- **Work to complete**:
Set down each record exactly. Omit the pictures.

- **Source data**:
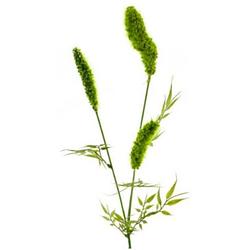 Foto van Gifts amsterdam kunstplant cattail spray 62 cm zijde groen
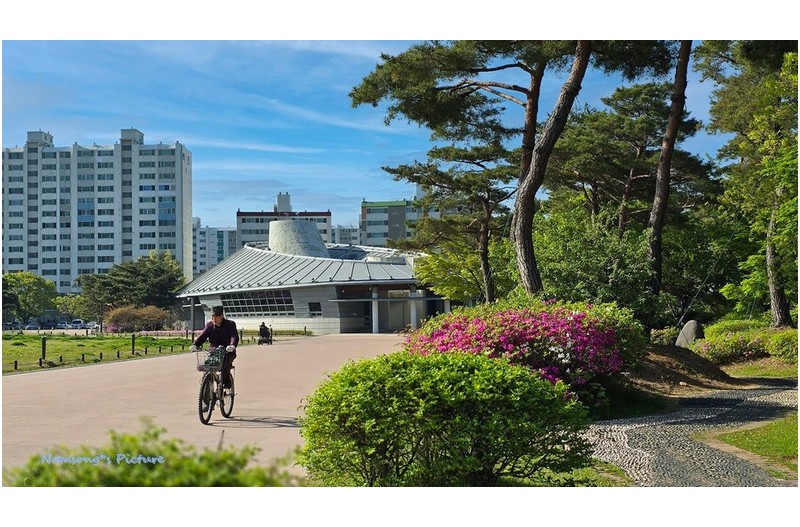 대성동 고분군 박물관이 보이는 풍경 ---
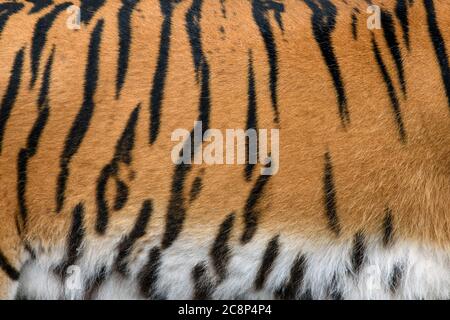 Closeup tigre reale la texture della pelle. Tiger fur texture di sfondo immagine di sfondo Foto Stock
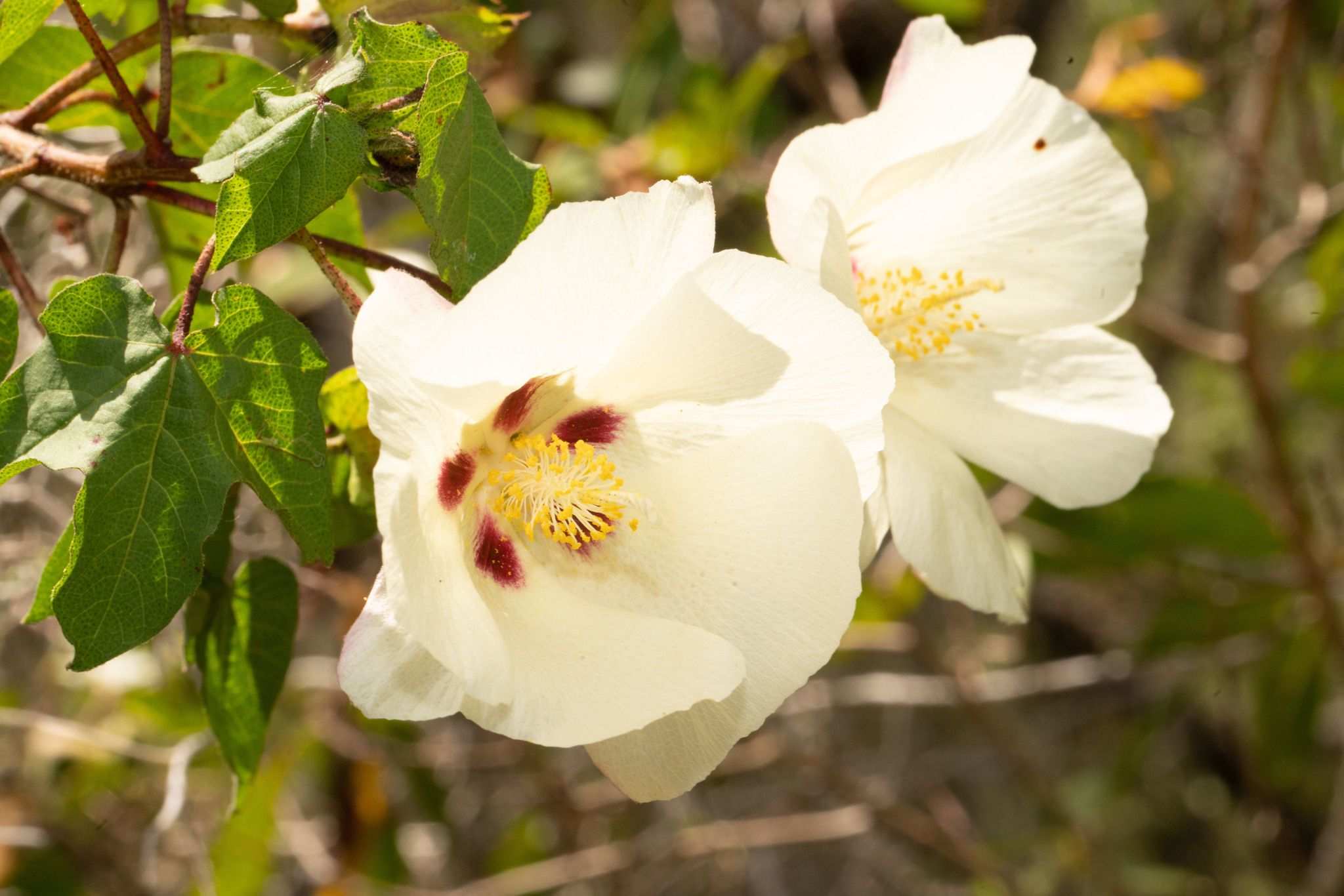Gossypium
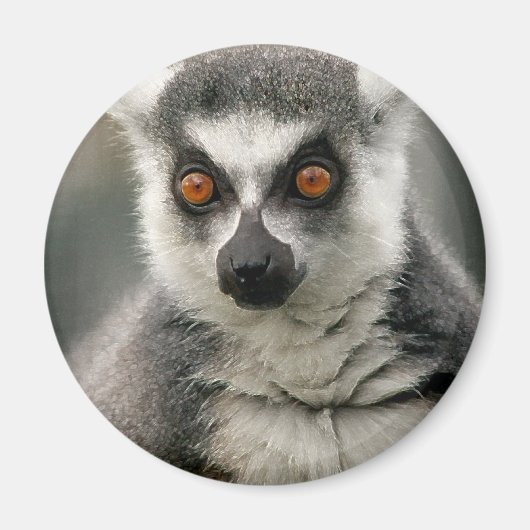 Lemur Magneet (Voorkant)
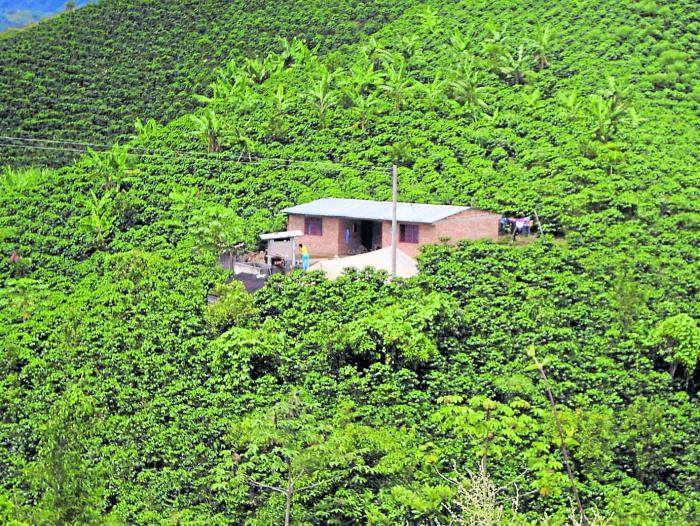 Otro de los atractivos del Huila es su gran variedad de cafés, que son reconocidos a nivel internacional.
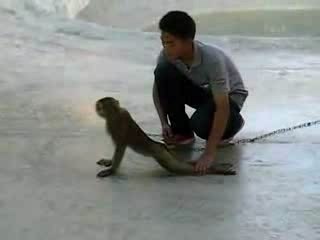 Monkey Push-ups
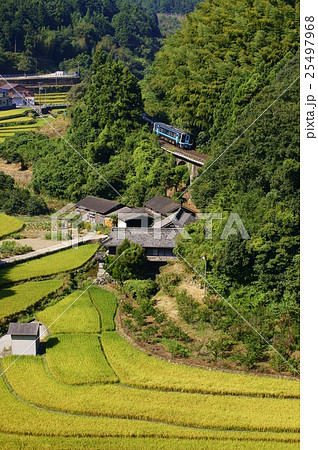 段々畑 アーチ橋とJR四国 2000系気動車 特急宇和海 段々畑 アーチ橋とJR四国 2000系気動車 特急宇和海 25497968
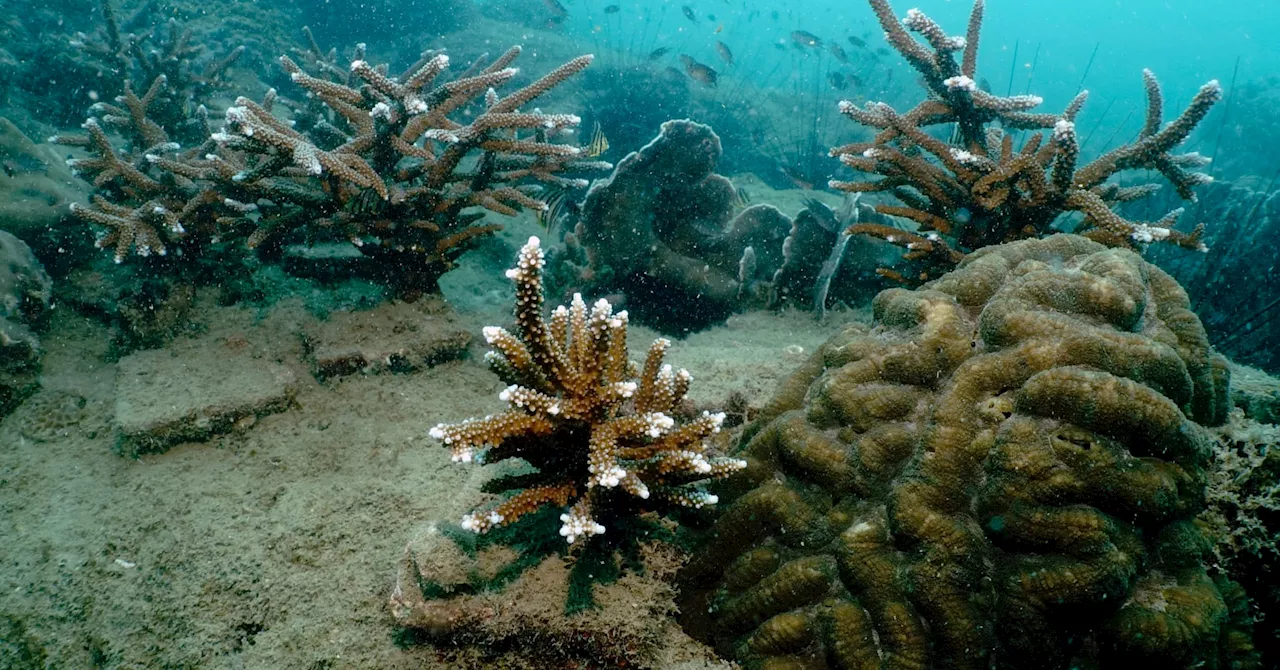 Thai scientists breed coral in labs to restore degraded reefs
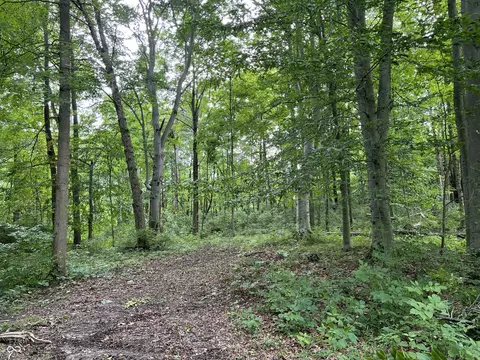 5151 Lead Line Rd, Centerville, IN 47330 photo 35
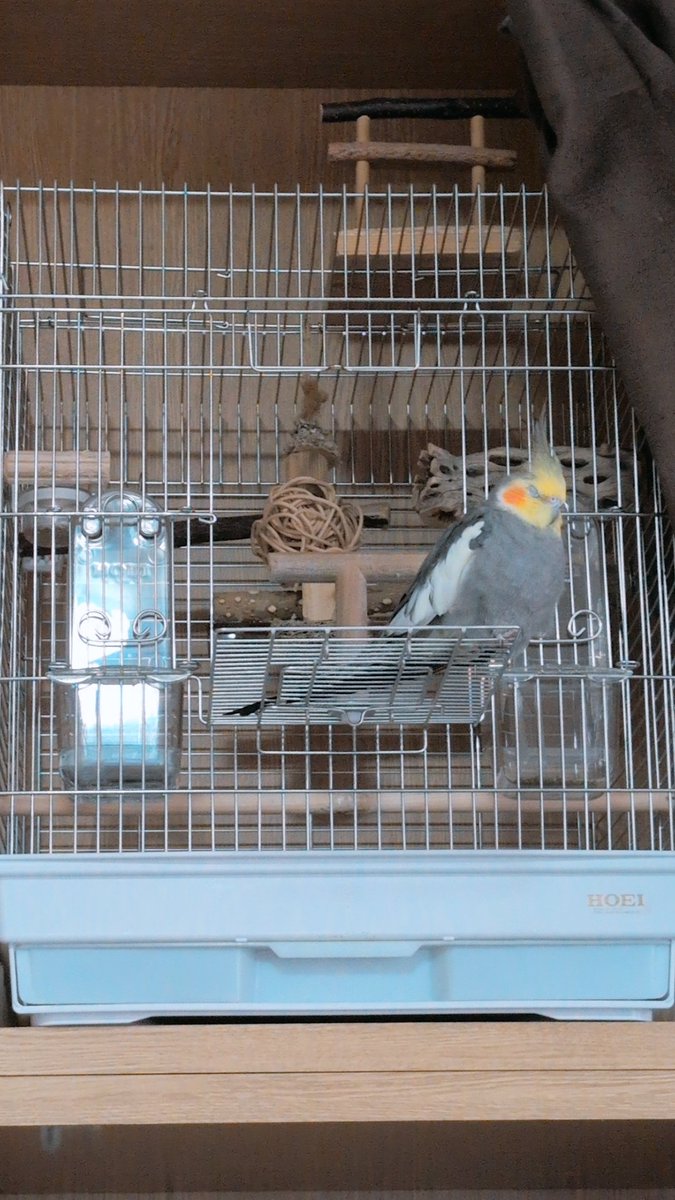 テロリス↩🐤 tweet media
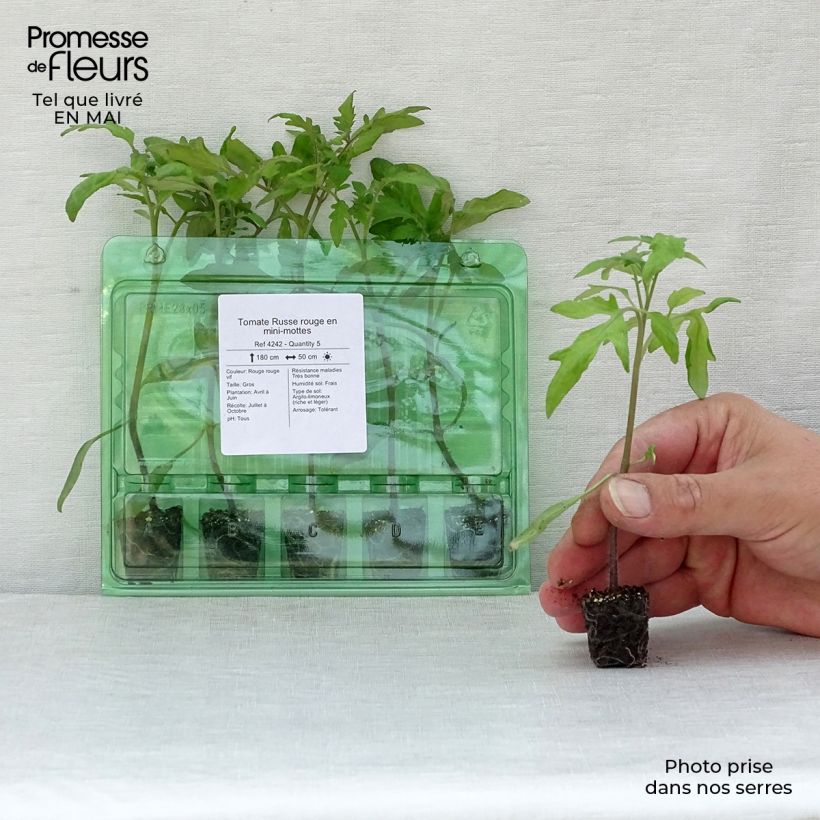 Tomato Red Russian Seedlings Plug plant 3/4cm sample as delivered in spring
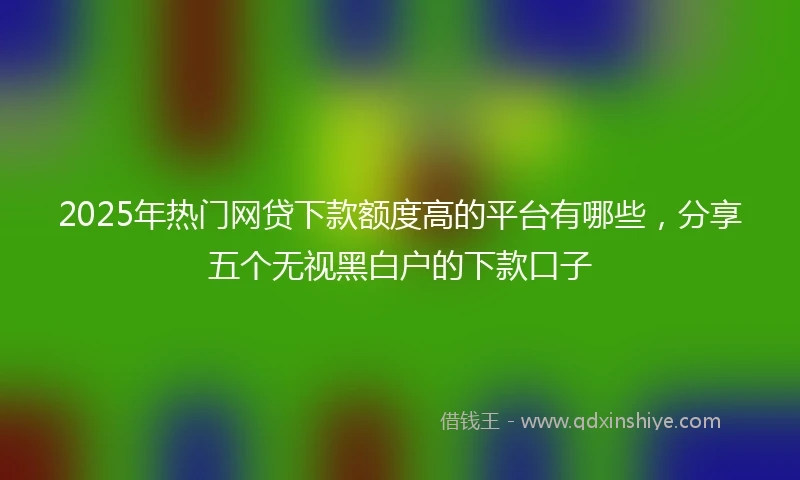 2025年热门网贷下款额度高的平台有哪些，分享五个无视黑白户的下款口子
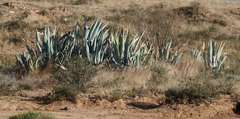 Agave americana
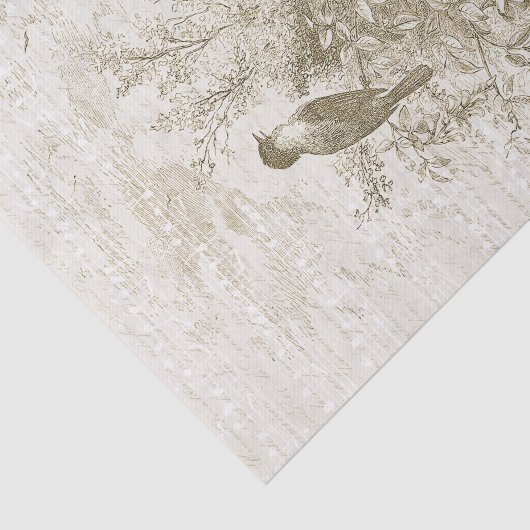 Antiek Franse  Vogels Nest Gouden Beige Tissuepapier (Detail)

- **Expected answer**:
 Foto van Gifts amsterdam kunstplant cattail spray 62 cm zijde groen
 대성동 고분군 박물관이 보이는 풍경 ---
 Closeup tigre reale la texture della pelle. Tiger fur texture di sfondo immagine di sfondo Foto Stock
Gossypium
 Lemur Magneet (Voorkant)
 Otro de los atractivos del Huila es su gran variedad de cafés, que son reconocidos a nivel internacional.
 Monkey Push-ups
 段々畑 アーチ橋とJR四国 2000系気動車 特急宇和海 段々畑 アーチ橋とJR四国 2000系気動車 特急宇和海 25497968
 Thai scientists breed coral in labs to restore degraded reefs
 5151 Lead Line Rd, Centerville, IN 47330 photo 35
 テロリス↩🐤 tweet media
 Tomato Red Russian Seedlings Plug plant 3/4cm sample as delivered in spring
 2025年热门网贷下款额度高的平台有哪些，分享五个无视黑白户的下款口子
 Agave americana
 Antiek Franse  Vogels Nest Gouden Beige Tissuepapier (Detail)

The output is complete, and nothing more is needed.